> _Work instructions_: Copy every record exactly, and keep the pictures out.

━━ Source material ━━

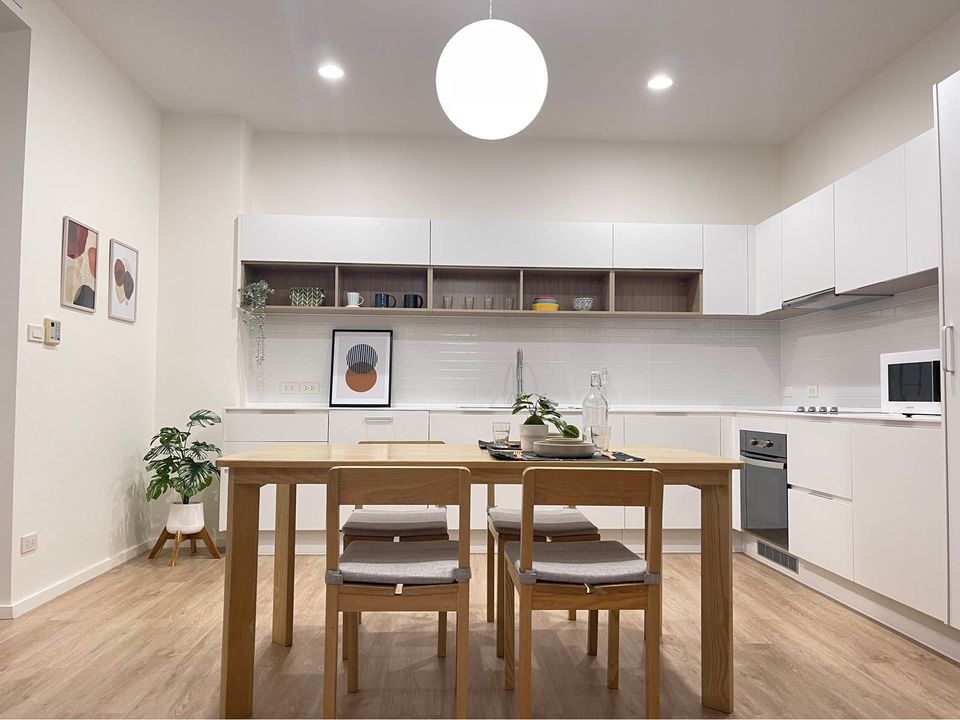 For rent Noble Ora LH-RW005389 – รูปที่ 3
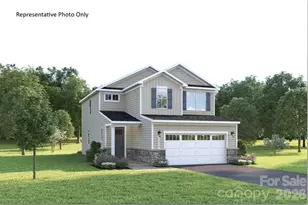 2043 Fernway Dr, Charlotte, NC 28216 - Photo 1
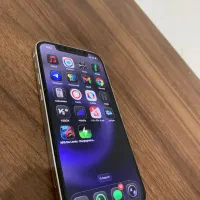 ایفون 12|موبایل|شیراز, نصر|دیوار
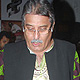 Vinod Khanna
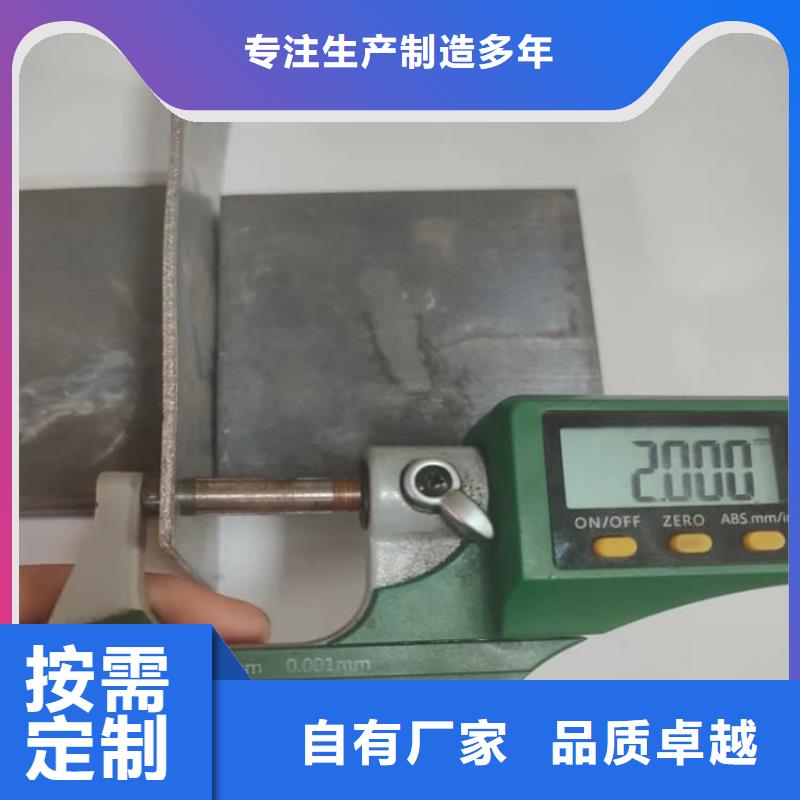 采购纯铅皮必看-售后保障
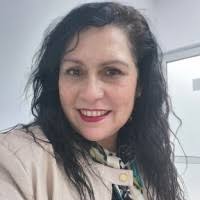 1700+ perfiles de «Elba Elba»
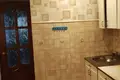 2 room apartment 48 m² Byerazino, Belarus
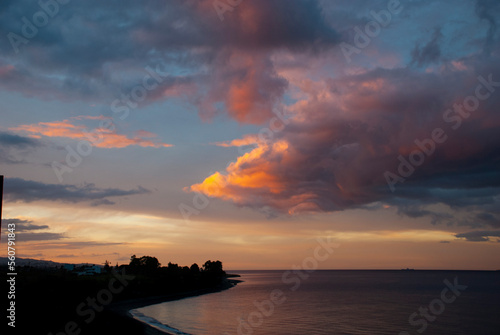 Cielo_mattina_nuvole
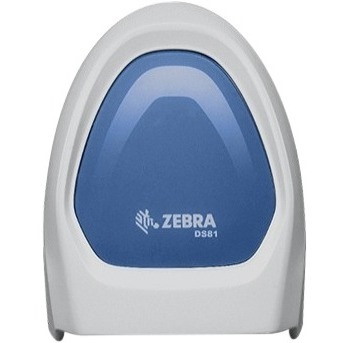 Zebra DS8178-HC Handheld Barcode Scanner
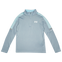 Under Armour Tech Utility 1/4 Zip - Image 1 of 3 Selected Image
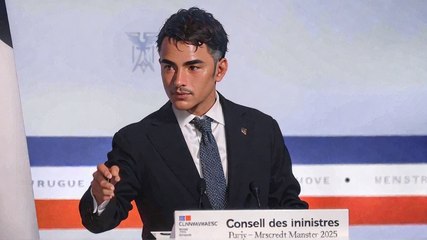 « Mayotte ne doit pas redevenir un bidonville » : l'exécutif s'attaque à l'habitat illégal après le cyclone Chido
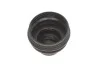 ШРКШ (зовнішній) Skoda Octavia/Superb/VW Caddy/Golf/Passat B6/B7 04-15 (36z/27z/59.5mm/97.95mm/40.5) Metelli 15-1463 (фото 3)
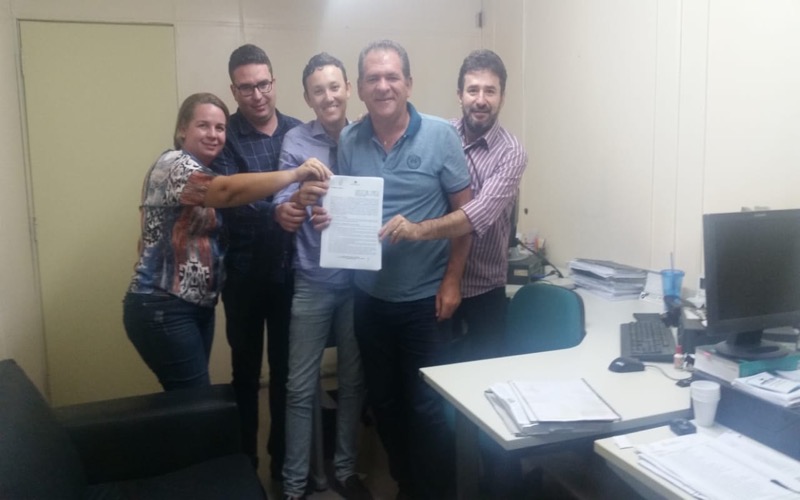 Hospital municipal de Mauriti vai receber verba para melhorias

━━━

> _Solution to the problem_:
 For rent Noble Ora LH-RW005389 – รูปที่ 3
 2043 Fernway Dr, Charlotte, NC 28216 - Photo 1
 ایفون 12|موبایل|شیراز, نصر|دیوار
 Vinod Khanna
 采购纯铅皮必看-售后保障
 1700+ perfiles de «Elba Elba»
 2 room apartment 48 m² Byerazino, Belarus
 Cielo_mattina_nuvole
 Zebra DS8178-HC Handheld Barcode Scanner
 Under Armour Tech Utility 1/4 Zip - Image 1 of 3 Selected Image
 « Mayotte ne doit pas redevenir un bidonville » : l'exécutif s'attaque à l'habitat illégal après le cyclone Chido
 ШРКШ (зовнішній) Skoda Octavia/Superb/VW Caddy/Golf/Passat B6/B7 04-15 (36z/27z/59.5mm/97.95mm/40.5) Metelli 15-1463 (фото 3)
 Hospital municipal de Mauriti vai receber verba para melhorias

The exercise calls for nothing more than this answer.